In an interview on State of Politics Live on Friday, the Queens Democrat didn’t deny his conference has been taking a more assertive approach with Cuomo this year.

“We try to focus on the policies and getting done what we need to get done.” Gianaris said. “At different times, different strategies are more effective. We are the minority party in the state Senate and often we found ourselves in the position of being the opposition party and we act accordingly.”

“I don’t think it should surprise anyone we’re going to make ourselves heard, and when we agree we’ll pat them on the back about it.”

To be fair, the mainline Democrats aren’t the only legislative conference giving Cuomo grief as he begins his second term on decidedly rocky terrain.

Senate Republicans and Assembly Democrats both have refused to introduce the governor’s 30-day amendments over executive overreach concerns.

Senate Finance Committee Chairman John DeFrancisco has called Cuomo’s latest budget negotiating tactic “bizarre”, while newly elected Assembly Speaker Carl Heastie – albeit in a slightly more low-key way – has also questioned the governor’s approach.

The Republican minority in the Assembly is focused on Cuomo’s highly unusual step of refusing to release school aid runs this budget season.

But the flashes of independence from the Senate Democratic conference these last 10 weeks underscore a broader problem for Cuomo that began last year with an insurgent pushback on his left flank.

Liberal advocates remained frustrated with Cuomo since last year after Democrats came up short in the legislative elections against Republicans, who gained a firm, 33-seat majority in the Senate chamber.

Cuomo won re-election handily and had $10 million left in his campaign account from his victory over his Republican opponent, Westchester County Executive Rob Astorino.

The Working Families Party, in particular, questioned why Cuomo was left holding on to such a large pot of money after refusing to provide substantive financial assistance to Democratic candidates.

Cuomo supporters maintain that in a Republican wave year, vulnerable Democratic incumbents in the Senate would not have been helped with more cash – even if the governor had been willing to open his coffers.

At the same time, they note that the state Democratic Party – in essence an arm of the Cuomo 2014 campaign – provided financial aid to the Democratic Senate Campaign Committee.

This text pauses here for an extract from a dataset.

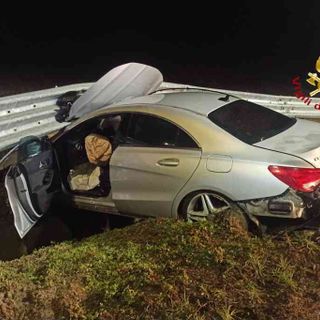 Tasso alcolico di tre volte superiore al limite: fugge al posto di blocco e si schianta contro il guard rail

Regardless of whether additional cash from Cuomo would have helped, others stepped into the void to provide direct support to the Senate Democrats – many of whom are also at direct odds with the governor himself.

Zephyr Teachout, Cuomo’s Democratic primary foe last year, contributed $28,000 to Senate Democrats’ cause.

The Public Employees Federation, the white-collar union that backed Teachout’s failed campaign against Cuomo, provided $25,000 to the DSCC this past election cycle. (The union also contributed $10,500 to Dean Skelos, the Republican Senate majority leader, as well as other individual Senate candidates in both parties).

The New York Stated United Teachers union, meanwhile, spent millions of dollars on an independent expenditure campaign aiding Democratic incumbents and challengers. Cuomo this year is in a protracted battle with NYSUT over his education policies.

And perhaps Cuomo’s biggest rival in Democratic politics in New York, Big Apple Mayor Bill de Blasio, sought to help the conference gain full control of the Senate in order to help his policies win a more favorable hearing in Albany.

Cuomo last year did campaign with and endorse Democratic candidates, but his coattails were – as usual for any governor who runs in a non-presidential election year – strikingly short for down-ballot candidates.

In the end, Senate Democrats found themselves allied with Cuomo’s rivals, rather than the governor himself, and this political reality is now influencing their approach in the current budget battle.